К величайшему удивлению бывшей супруги, отец не успел продать за бесценок принадлежавшую ему жилплощадь, мама сдавала комнату студентам, и это явилось существенной прибавкой к ее более чем скромной зарплате. Жили мы не то что бедно, а, скорее, безрадостно. Брат старше меня на двенадцать лет, и мама смертельно боялась, что он отправится проторенной отцом дорожкой. Все ее существование было пронизано этим страхом. Стоило брату чуть задержаться, она не отходила от окна, а когда он возвращался, придирчиво его оглядывала, выспрашивала и обнюхивала. В детстве я только и слышала: «Что это Борька опять задерживается... не дай бог, будет как твой папаша... друзья хорошему не научат. Связался с Васькой, а у того отец забулдыга, и сам Васька вечно с пивом во дворе пасется». В общем, жизнь была полна тревожного ожидания, я садилась на подоконник и вместе с мамой всматривалась в заросший деревьями двор, надеясь, что вот-вот покажется Борька.
Брат, конечно, тяготился неуемной маминой заботой. Сразу после школы его призвали в армию, и это обстоятельство его ничуть не расстроило, подозреваю, для него оно явилось единственной возможностью покинуть наше унылое жилище, не обижая мать. Он служил далеко от дома, навещать его не позволяли скудные средства, и мама довольствовалась редкими звонками и письмами. Служба закончилась, но брат домой не вернулся, сначала выбрав для жительства город, рядом с которым располагалась его часть. Через несколько лет переехал в другой. И маме ничего не оставалось, как ждать его писем, приходивших все реже, нечастых звонков и отпусков, не регулярных, длящихся от силы неделю, в продолжение которой брат лежал на диване, уткнувшись в телевизор. Телевизор позднее сменил ноутбук.
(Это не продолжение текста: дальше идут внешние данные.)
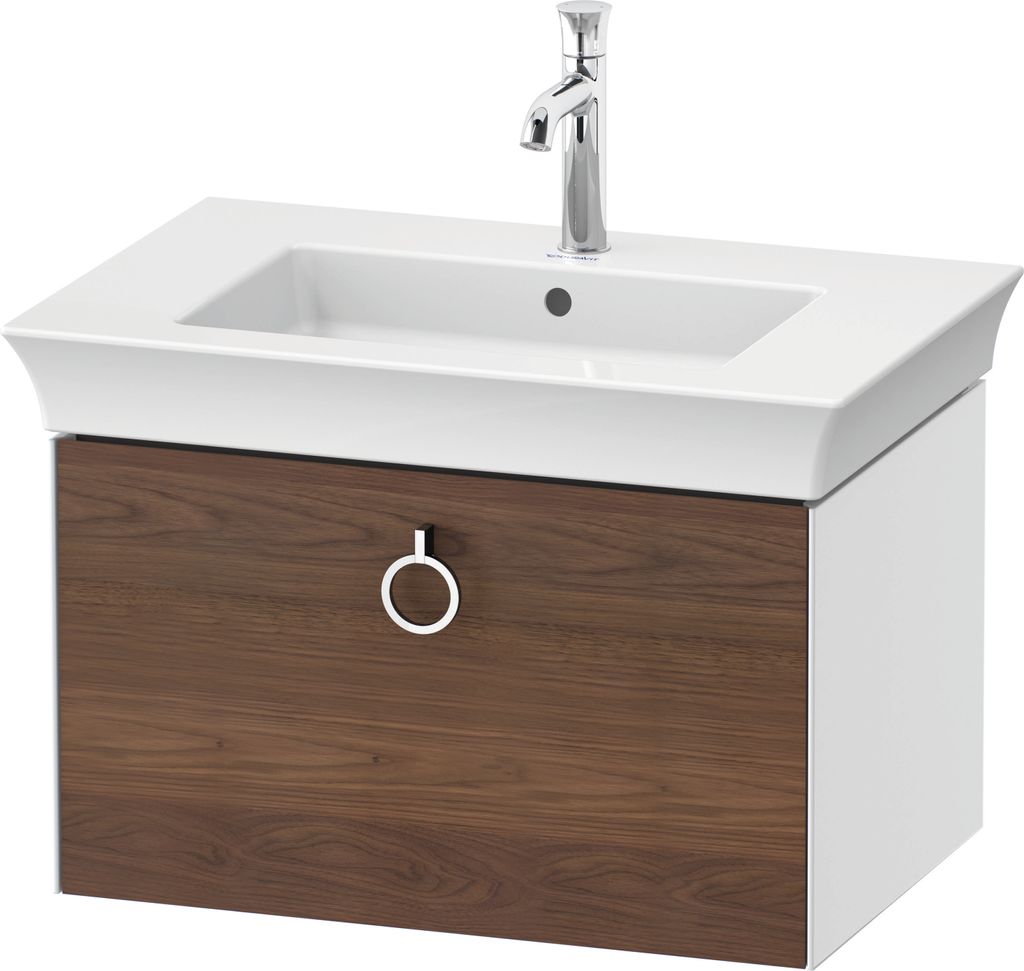 Duravit White Tulip, Waschtischunterbau wandhängend, Breite 684 x Tiefe 458mm, mit 1x Auszug, mit Griff, WT425107785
Мамино беспокойство это отнюдь не уменьшило, ей казалось, что брат плохо выглядит, что он болен, втайне пьет, оттого у него нет семьи и очень вероятно, что приличной работы тоже нет. По-моему, ни о чем другом она думать не могла, и эти извечные материнские страхи, которые странным образом в отношении меня никак не проявлялись, в конце концов и привели ее к болезни. Из больницы мама уже не вышла, последние ее слова были: «Вот помру, ему и вернуться будет некуда». В день маминой смерти мне исполнилось семнадцать.
Проститься с мамой брат не успел, приехал накануне похорон. Мы встретились как малознакомые люди, которых объединяло общее горе. О чем говорить, помимо маминой смерти, ни я, ни Борька не знали.